Delayed Decisions on Franklin Templeton’s Crypto ETFs
Franklin Templeton’s applications for Ethereum and Solana ETFs, initially filed in March, have been delayed. The Ethereum staking ETF proposal is scheduled for review on November 13, while the Solana and XRP ETFs will be reconsidered on November 14. Despite these setbacks, the company remains hopeful for approval due to increased interest in cryptocurrencies beyond Bitcoin.

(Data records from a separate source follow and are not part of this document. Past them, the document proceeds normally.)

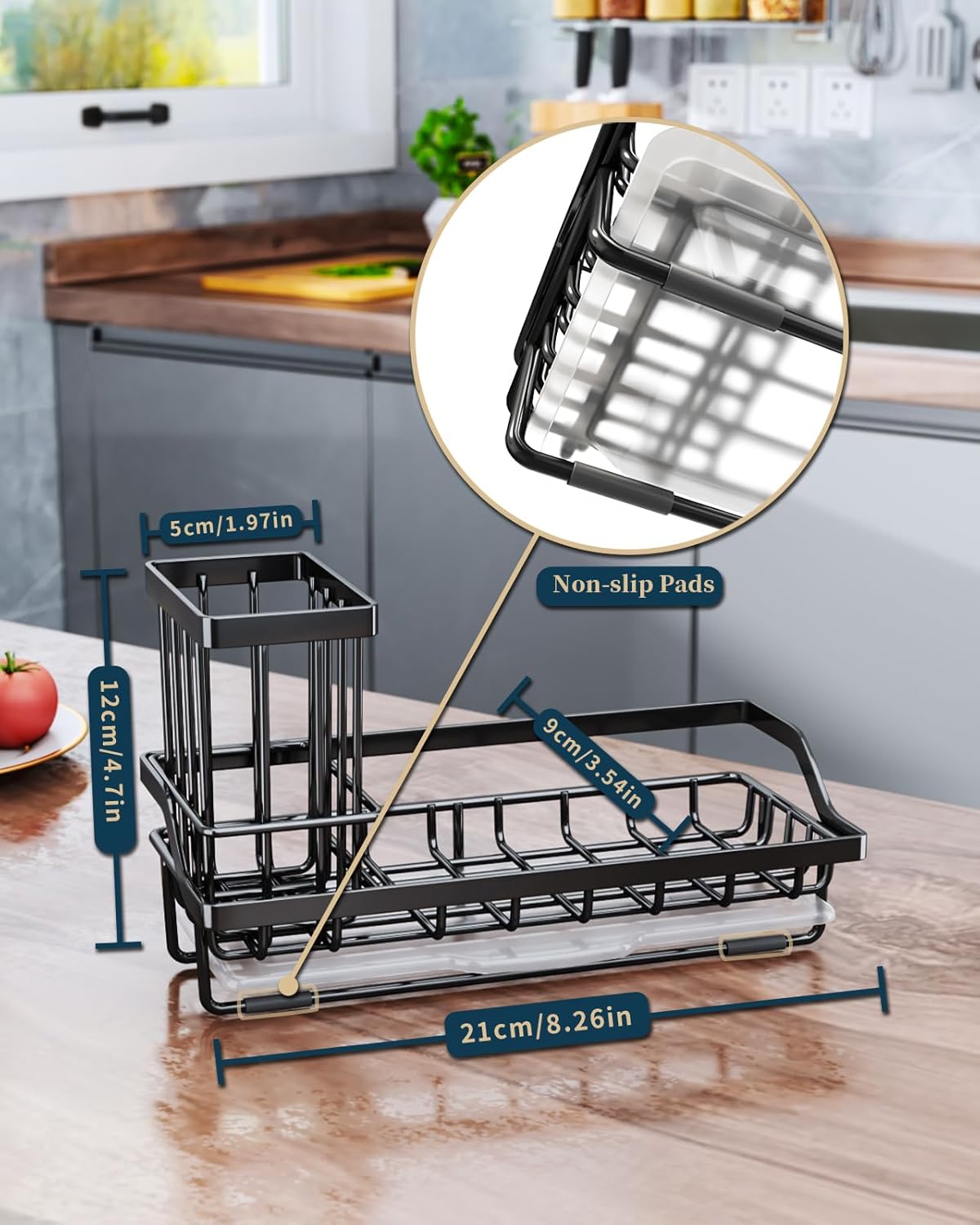 Consumest Sponge Holder for Kitchen Sink – Kitchen Caddy Organizer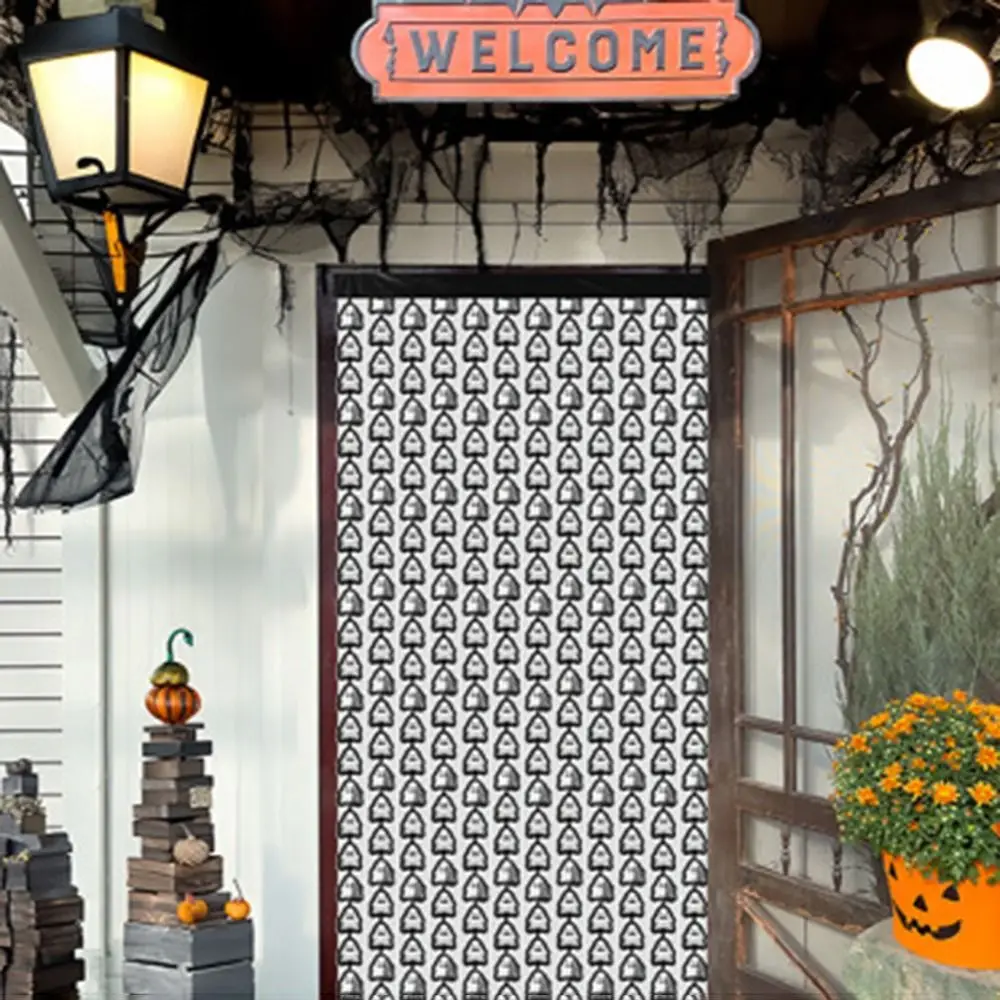 

2Pcs 1X2M Halloween Ghost Rain Curtains Creativity Spooky Scary Background Wall Tassel Sparkling Funny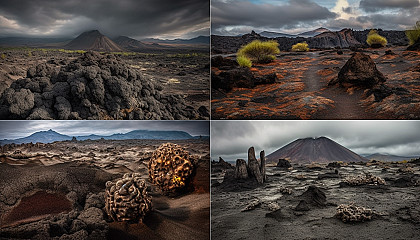 Volcanic landscapes featuring lava flows, ash clouds, and unique rock formations.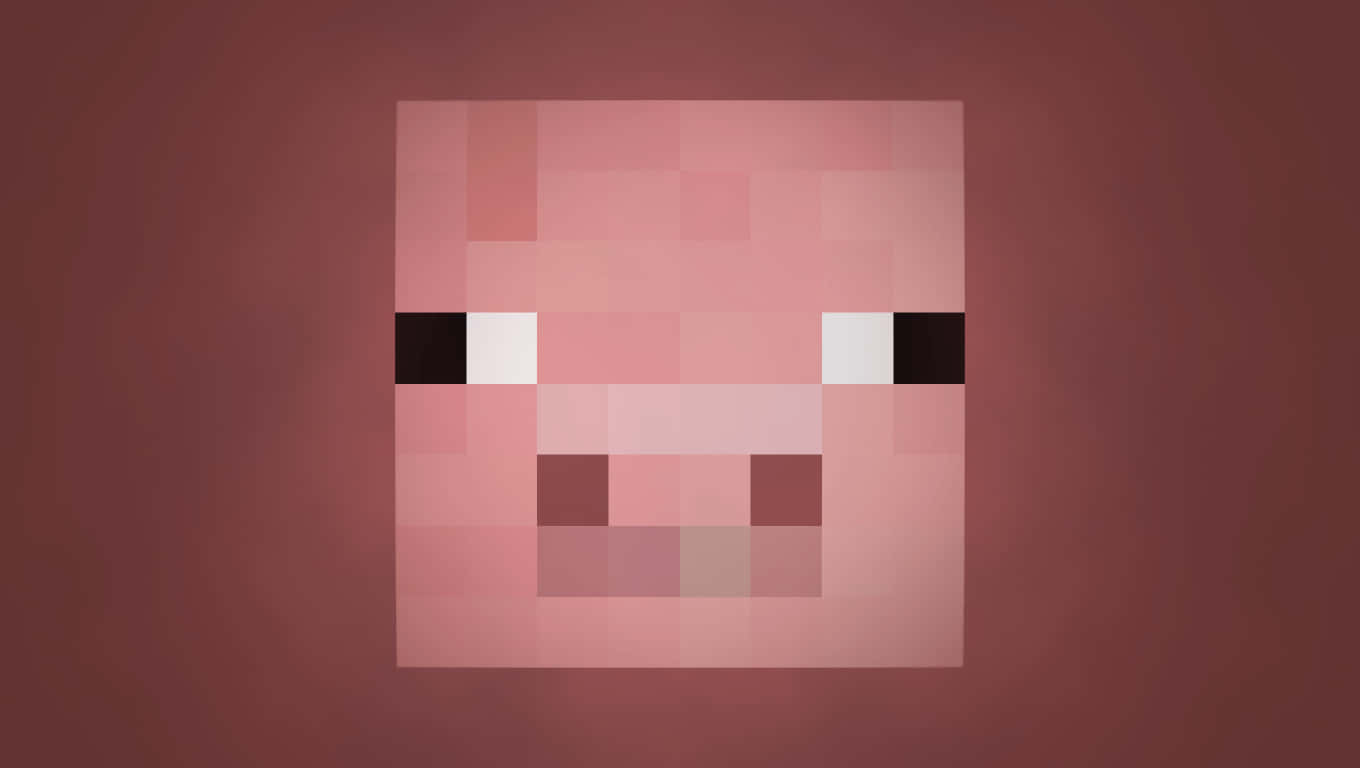 A Minecraft Pig Running By An Oceanic Hillside Background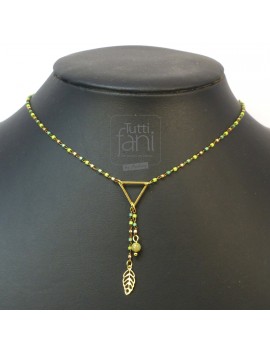 Collier chaine perlée vert...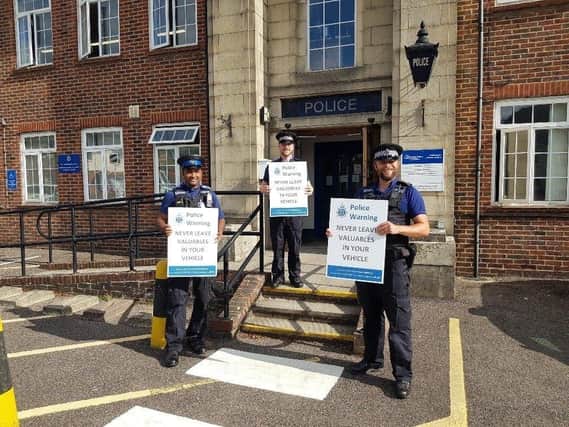 Chichester Police with the signs SUS-210209-114555001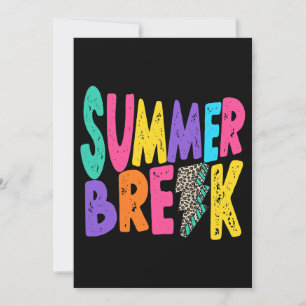 Summer Break Teachers Life Leopard Bolt Vacation W Invitation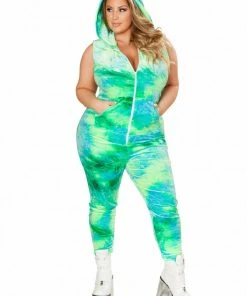 J-Valentine Catalog ONE PIECES FF186 - Tie Dye Velvet Zipper Front Jumpsuit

SEC’s Procedural Delays Across the Crypto ETF Sector
The SEC’s delay aligns with a broader trend of postponed crypto ETF proposals. Several other products have also faced delays in recent months. Currently, the SEC is reviewing over 90 crypto-linked ETFs, with decision deadlines falling into October and November. This approach reflects the SEC's cautious stance toward cryptocurrencies and the need for investor protection.
Interest in Solana ETFs Despite Delays
Despite the delays in SEC decisions, demand for crypto ETFs remains strong. Asset managers are eager to offer access to regulated products featuring a diverse range of cryptocurrencies, including Solana. Industry experts believe mainstream assets like Ethereum and Solana may achieve approval sooner than staking-related products.
The SEC continues its cautious approach to regulating crypto ETFs, which may impact future applications, including those from Franklin Templeton and BlackRock.